Architect of minimalist and pure aesthetics, Peter Zumthor was born on April 26, 1943 in Basel, Switzerland. Being the son of a cabinet maker he was given the training of the same profession at an early age. Later in 1966, Zumthor went to New York to study industrial design and architecture as an exchange student at Pratt Institute.

After graduation he worked as a building and planning consultant and architectural analyst of historical villages in a Swiss company Canton of Graubünden. He commenced his own office in 1979 in Haldenstein, Switzerland which is still running under his supervision.

In 1988, along with architecture practice, Zumthor started serving as an architecture professor at different universities including Harvard. He did not lose hold of his teaching career and is currently appointed at the Academy of Architecture, Universitá della Svizzera Italiana, Mendrisio.

Zumthor has this unique approach of keeping his practice small so that he may pay full attention to all minor details of planning and construction. In every project Zumthor shows great respect for the site and material. In his work, traditional demands of the region and modernity both go hand in hand. Among all this, natural light is a prominent element in all his projects and somehow it manages to fill spaces in all his creations on its own with the help of thoughtful planning and design techniques. Moreover, water is also one of the most important elements associated with Zumthor’s work and he makes the best use of it in almost all of his projects.

Zumthor is usually regarded as a minimalist architect due to the sternness of his spaces, but actually he does not stick to single signature style or even a peculiar material of choice. He has his own way of contemplating each detail and reacting according to the demand of all the ingredients involved. Zumthor happens to have such forceful grip on details that he can generate distinctive moods within a space with some simple considerations. Skylights, narrow slits instilling natural light, celebrated water bodies, subtle change of textures and dramatic lines are what make a Zumthor product.

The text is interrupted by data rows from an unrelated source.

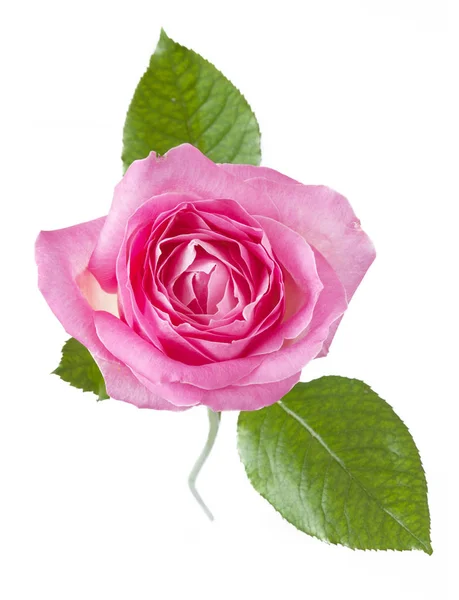Hermosa flor de rosa aislada sobre fondo blanco — Foto de Stock
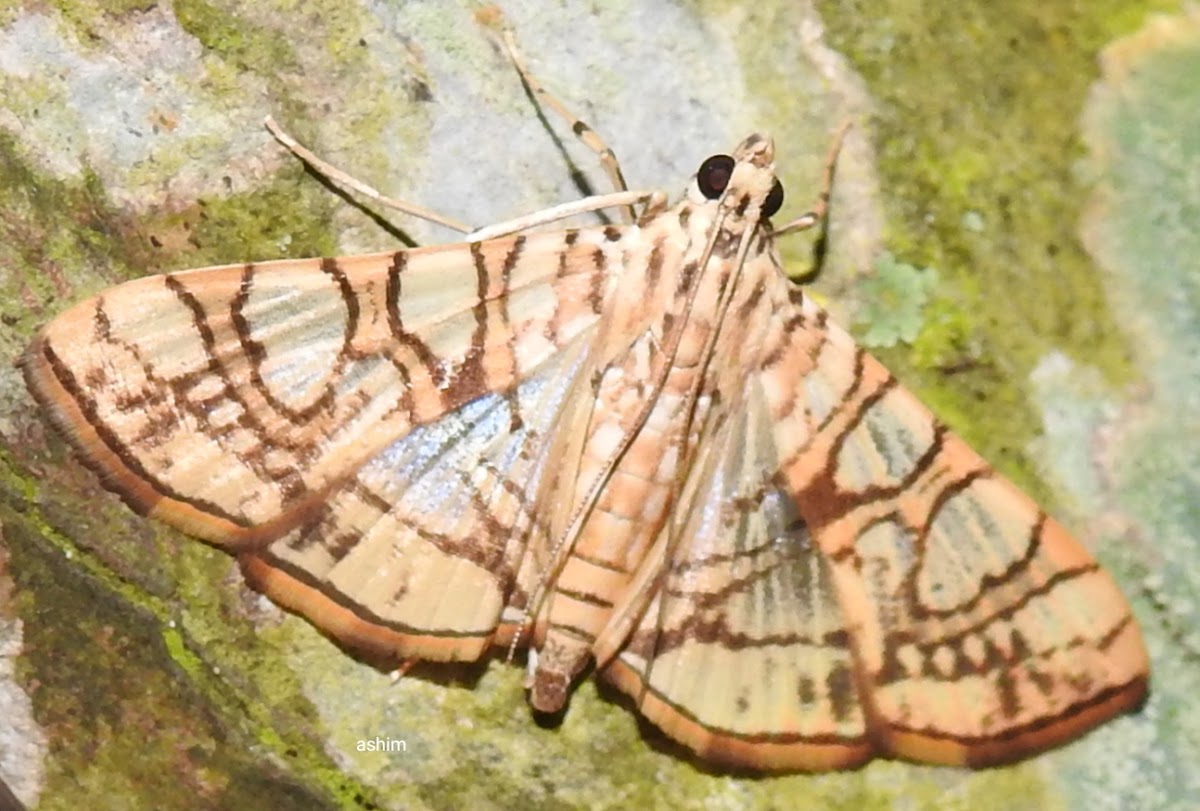 Jackfruit Borer moth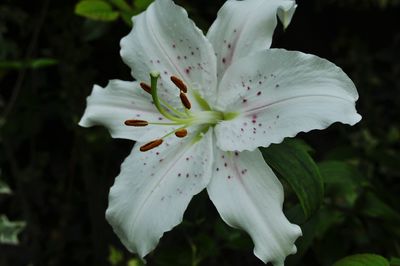 Close-up of white flower growing outdoors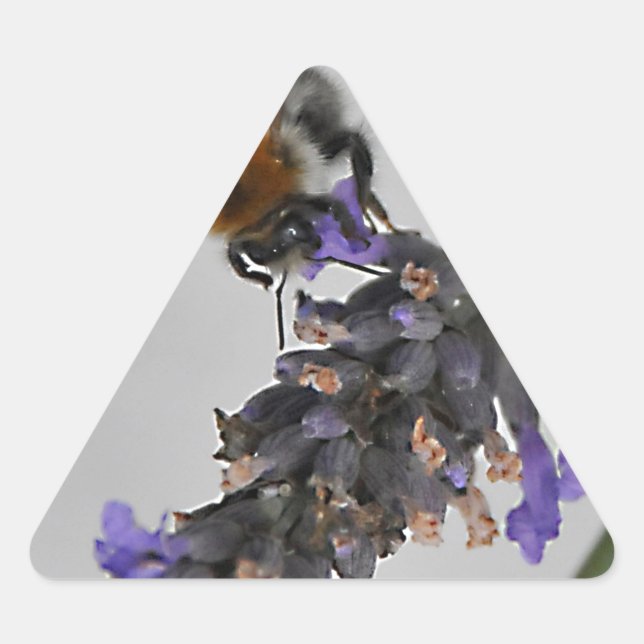 Natures Wonderful Workers Triangle Sticker (Front)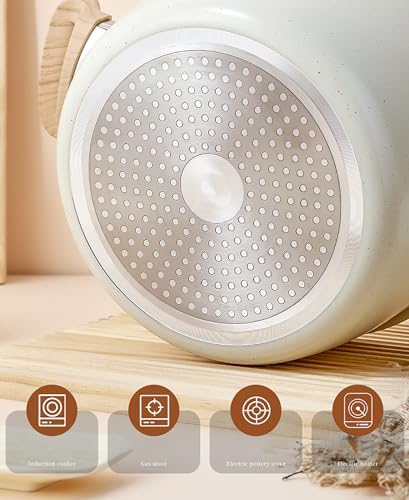 Nonstick Stock Pot with Lid Induction Compatible Cooker Durable Professional Use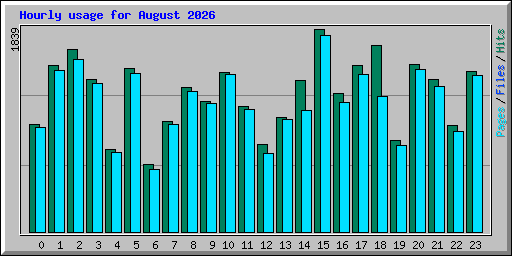 Hourly usage for August 2026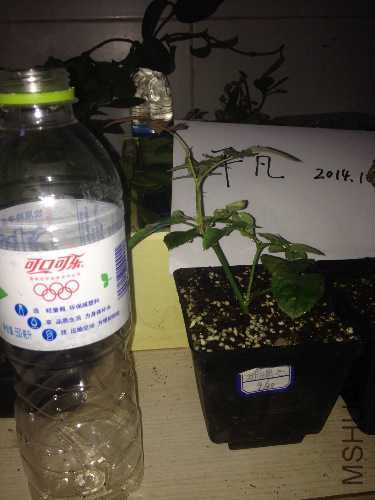 image.jpg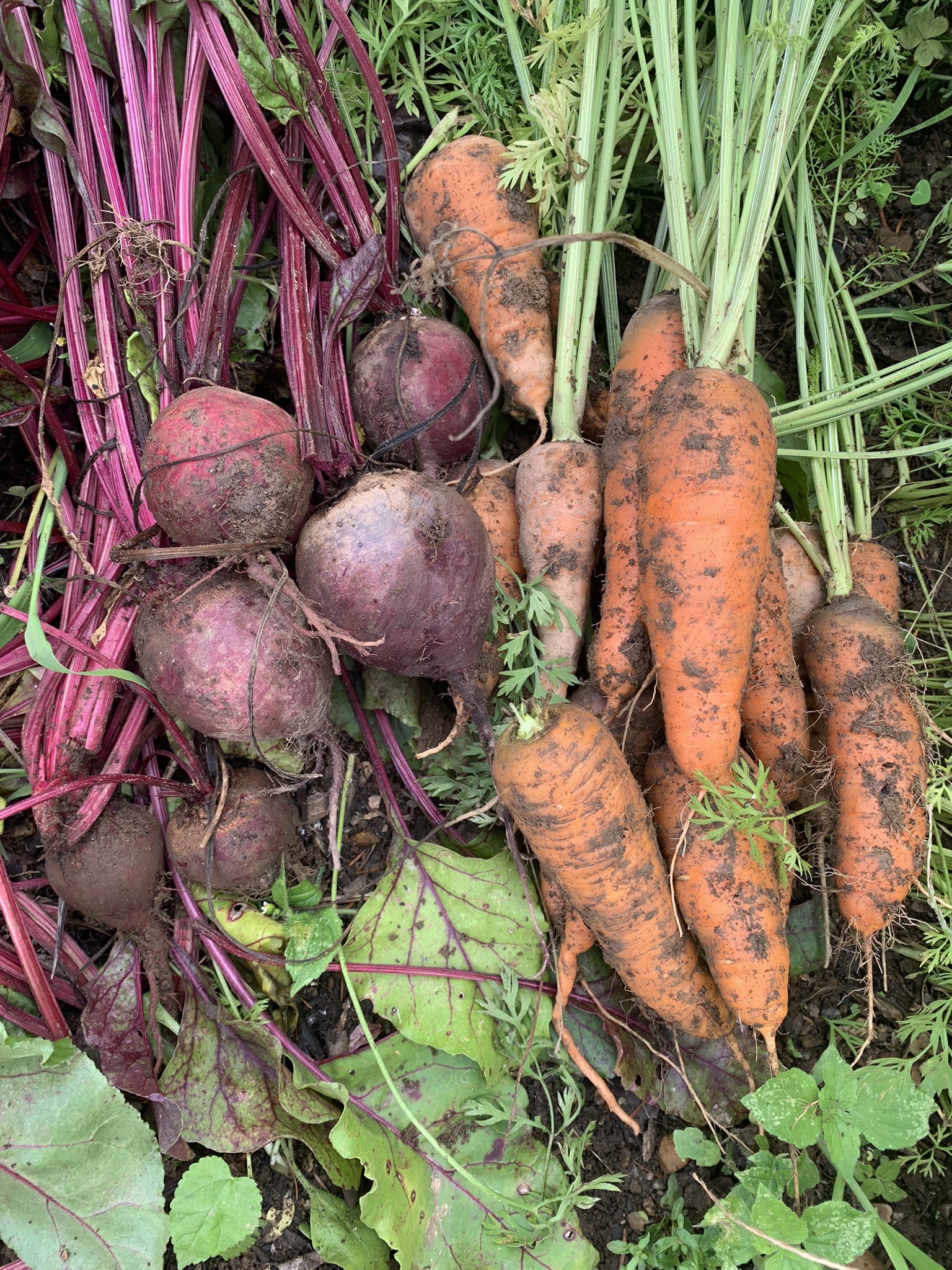 Are Carrots Good For A Taigan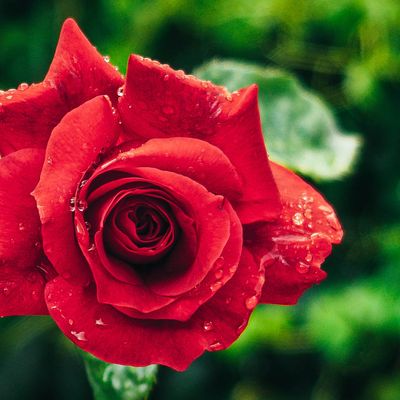 rosa roja en fondo verde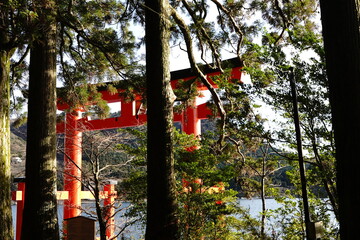 Japanese red big torii gate of Hakone Jinja Shrine at Hakone Kanagawa japan. 
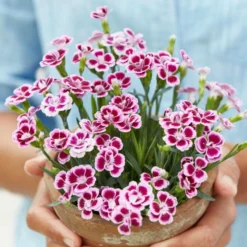 Roots Plants Dianthus 'Pink Kisses' Perennials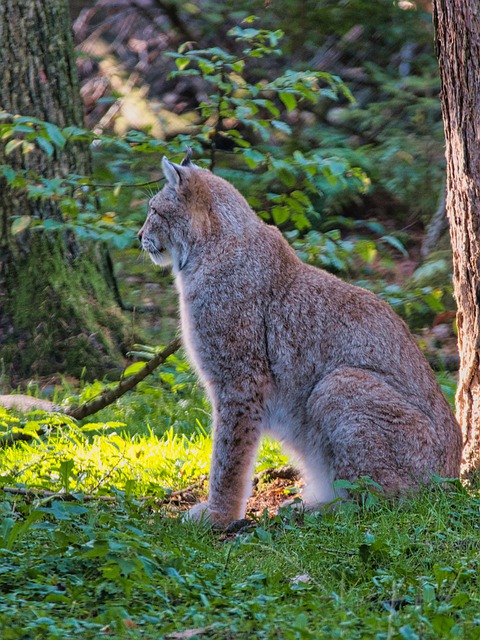 Free download lynx predator wild animal sitting free picture to be edited with GIMP free online image editor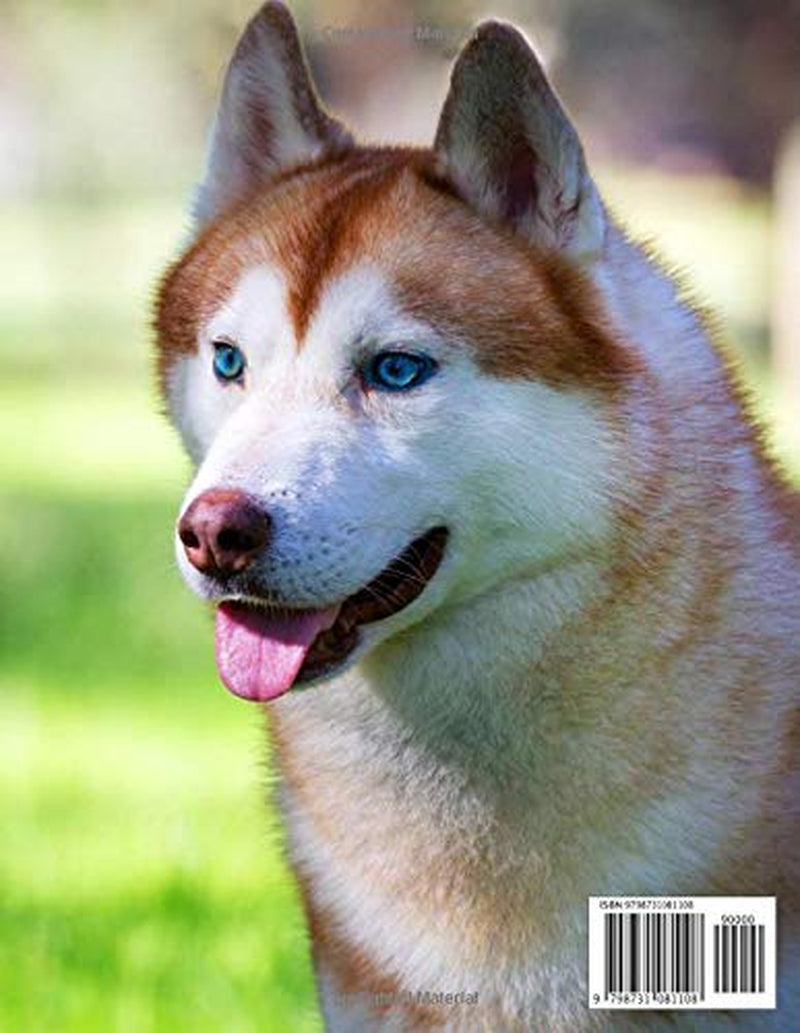 Dog Photography - a Dogs Picture Book - Amazing Big Collection: 100+ Amazing Pictures of Dogs in This Beautiful Photo Book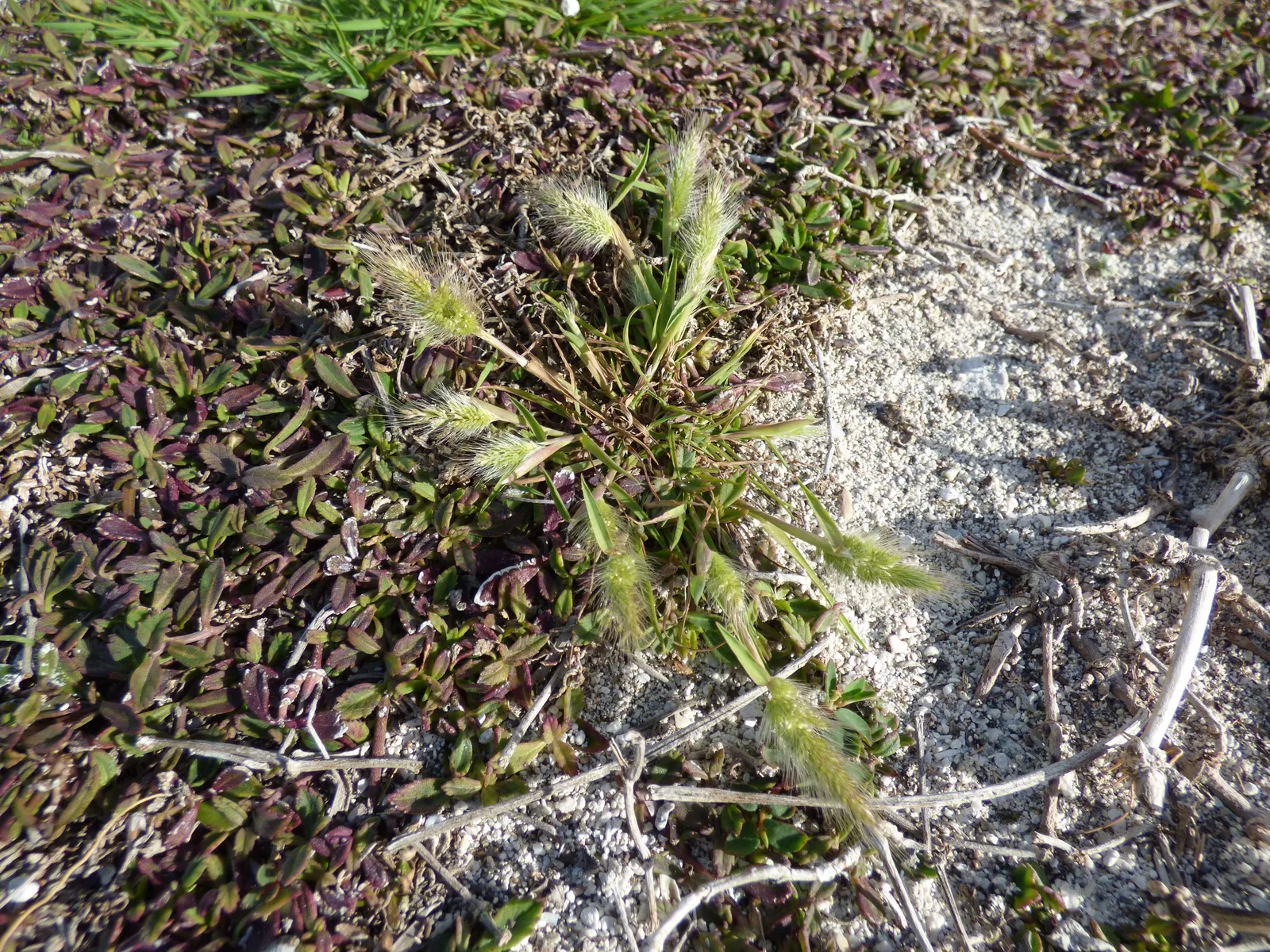 Rabbitfoot Grass (Polypogon monspeliensis)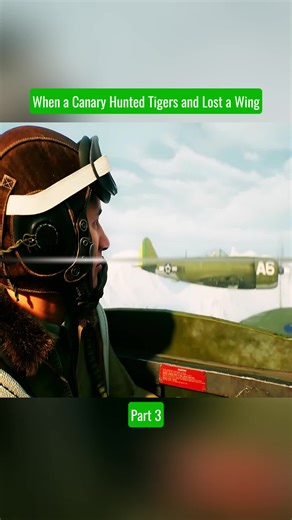 Blue Paw Print on TikTok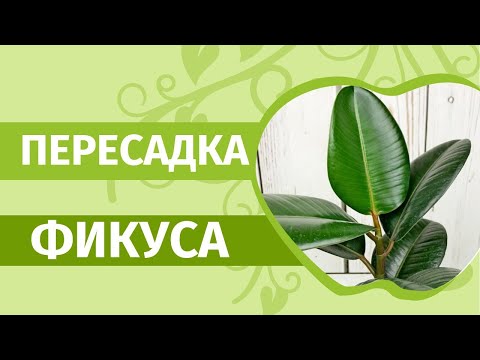 Видео: Как да режем фикус? Как да го подрежете правилно, за да остане пухкав? Формиране на корона у дома. Как да прищипете фикус?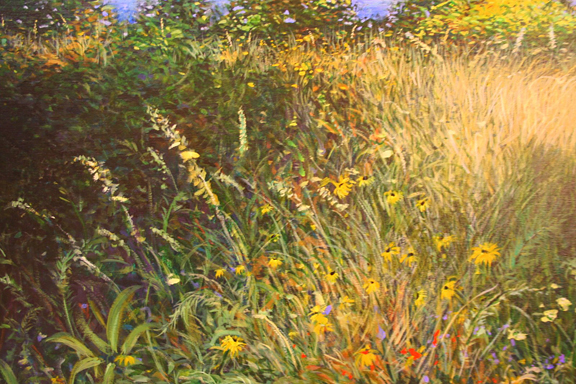 576x384 Wildflower Paintings, Nature Paintings By Bruce Tinch - Wildflower Painting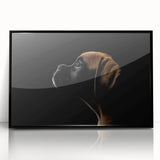 Framed wall art featuring a stylish black acrylic design showcasing a boxer dog in a modern silhouette, perfect for pet lovers and home decor enthusiasts.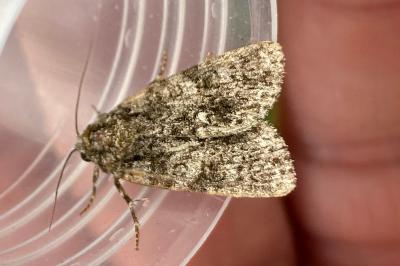 <i>Acronicta rumicis</i>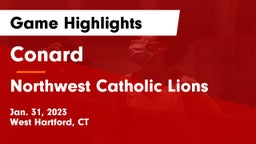 Conard  vs Northwest Catholic Lions Game Highlights - Jan. 31, 2023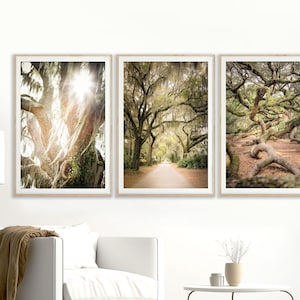 Oak Tree Art Enchanted Forest Nature Wall Art Green Wall Decor Live Oak Tree Spanish Moss Charleston Angel Oak Print | Tree Photography
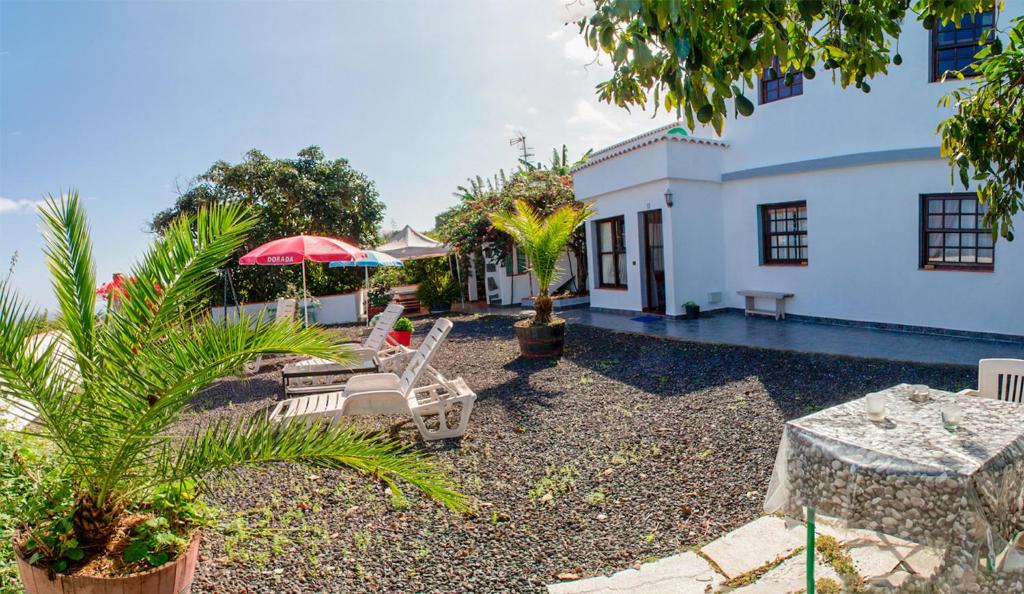 Bodega Goyo photo 2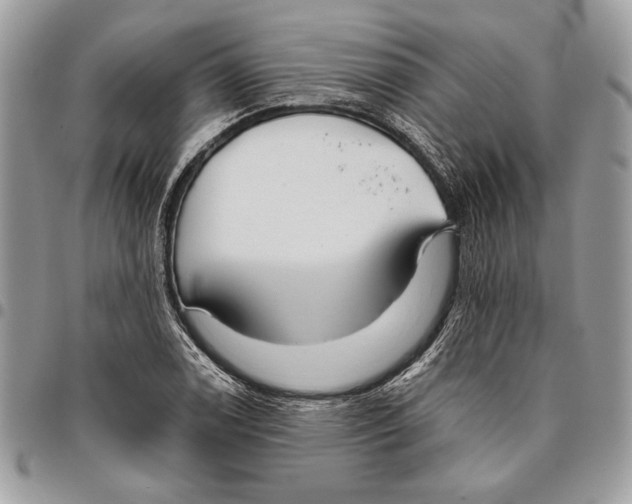 X0000095881122200802081048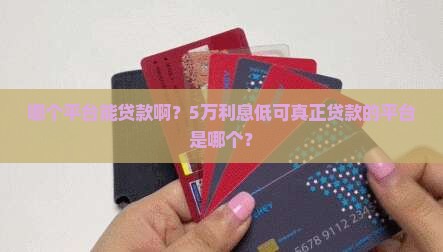哪个平台能贷款啊 哪个平台能贷款啊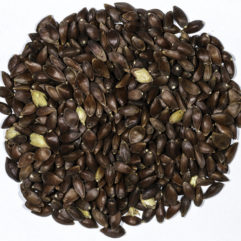 A top down view of a small pile of Ephedra viridis (Green Ephedra) seeds.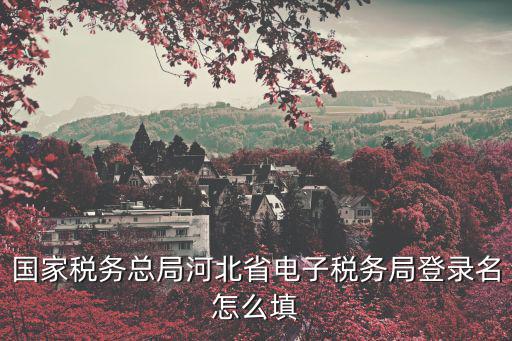 國家稅務(wù)總局河北省電子稅務(wù)局登錄名怎么填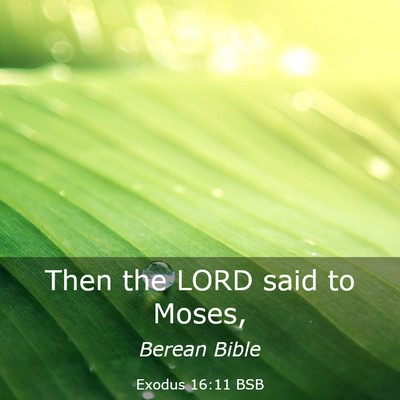 Picture 03 - Exodus 16:11 BSB - Then the LORD said to - Bible Verse Picture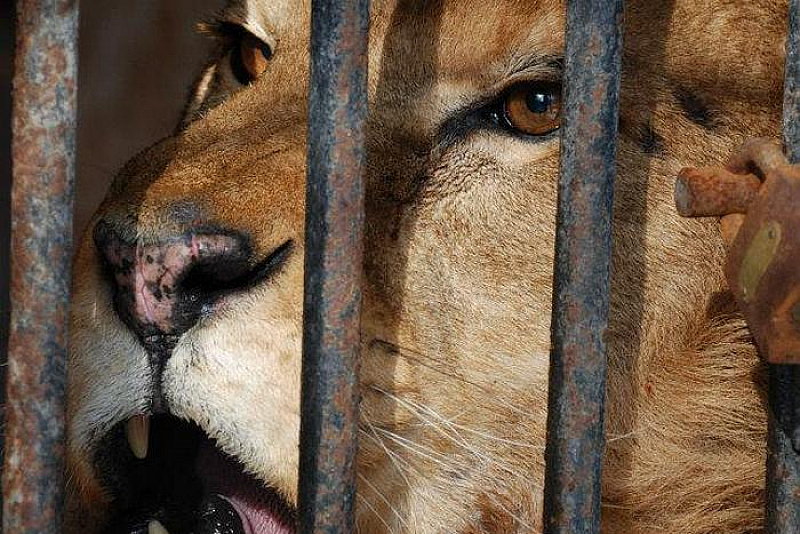 Българските зоопаркове не отговарят на европейските стандарти и това налага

Zumthor always puts major focus on sensuality of spaces. For him, sensory experience is what helps you make memory of a place. He is of the point of view that materiality and physicality of a space keep the users confined to a worldly experience, while senses fill them with long lasting impacts and enable them to measure the spaces through their intangibility. Not just tactility but Zumthor celebrates all sensual potentials through his intelligent designs.

Zumthor believes in a controlled publication of his work. He has this philosophical approach that architecture should always be a firsthand experience, and not what you are taught or told through readings or pages of books. This is the reason he has adapted narrative technique to jot down his work and describes the development of human consciousness and contact with architectural spaces through his writings.

A sample of Peter Zumthor’s philosophy of architecture, excerpted from his book, “Thinking Architecture” is as follows,

Architecture is not a vehicle or a symbol for things that do not belong to its essence. In a society that celebrates the inessential, architecture can put up a resistance, counteract the waste of forms and meanings, and speak its own language. I believe that the language of architecture is not a question of a specific style. Every building is built for a specific use in a specific place and for a specific society. My buildings try to answer the questions that emerge from these simple facts as precisely and critically as they can.”